First, those browsers that get the most scrutiny don’t necessarily have better security for features which aren’t front and center such as this. Until now I haven’t seen much focus on password management security although I’ve long had the opinion that Firefox was a cut above the rest because you could secure your password store with a master password.
Second, the number of tests which failed on all or most browsers is amazing. Some of these are very basic, such as warning users when some of these conditions exist or when a destination domain doesn’t match the original. In this world of phishing and social engineering the warnings can become tiresome and routine but basic validation should take place and Opera and Firefox seem to be on top of that heap.
As a side note, I was thinking a bit about the master password in firefox the other day. I use it, and notice that it pops up at the first instance of needing access to the password store. Now, this could be shortly after you open your browser or maybe when you hit that certain site for which a password is saved. Point is, you don’t really know when to expect it, it doesn’t prompt at startup. Now, imagine if a website was able to simulate that master password prompt. Would you question it? It’s just a box, with a field, some text and an “OK” or “Cancel” button. I suspect it’s easily spoofed – at least well enough to fool some folks. I actually bet most folks don’t even use it but I think the feature makes us feel more secure than it actually makes us secure.

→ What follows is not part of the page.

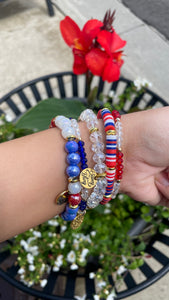 Fireworks Show Bracelet Stack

But in general, should you save passwords in a browser at all? A password is intended to be “something you know”. The value of a password is in the fact that it cannot (ideally) be stolen from you physically or electronically because you keep it in your head. When we store a password in a browser it becomes “something you have” and then the security of the storage mechanism becomes important.
Applications will never be without faults. The more and more web browsers become our application platform, the more and more features like password storage will become vectors for attack. Any chink in the armor will do, so it becomes a bit of an arms race. Better to avoid the whole situation and stick to more secure and standard password management tools which are designed for the task.
There are plenty out there, KeePass and Password Safe to name two. These applications have a number of features which make them well suited to securely managing your passwords:
They hide passwords from shoulder surfing but still allow you access to them
They limit interaction from other applications which makes electronically stealing your password much more difficult
They have had focused scrutiny around their ability to secure passwords, not how fast or furiously they are able to wrangle web apps
They maintain a portable database of passwords which are browser independent
There is no doubt that the built-in password manager in a browser is convenient. Consider for a moment however, the work involved in recovering from a stolen Gmail or Yahoo! password. Or your favorite banking site, or worse. If you are forced to type in those common passwords you use all the time you will remember them. For those which are more obscure, store them in a password database. If you really feel up to it, simply maintain a list of all the sites you have ever registered at (you remember them all right?) and then go to each and every one of them and update your password each time you change it (you do change your passwords right?).
When you’ve gone insane, try a password manager.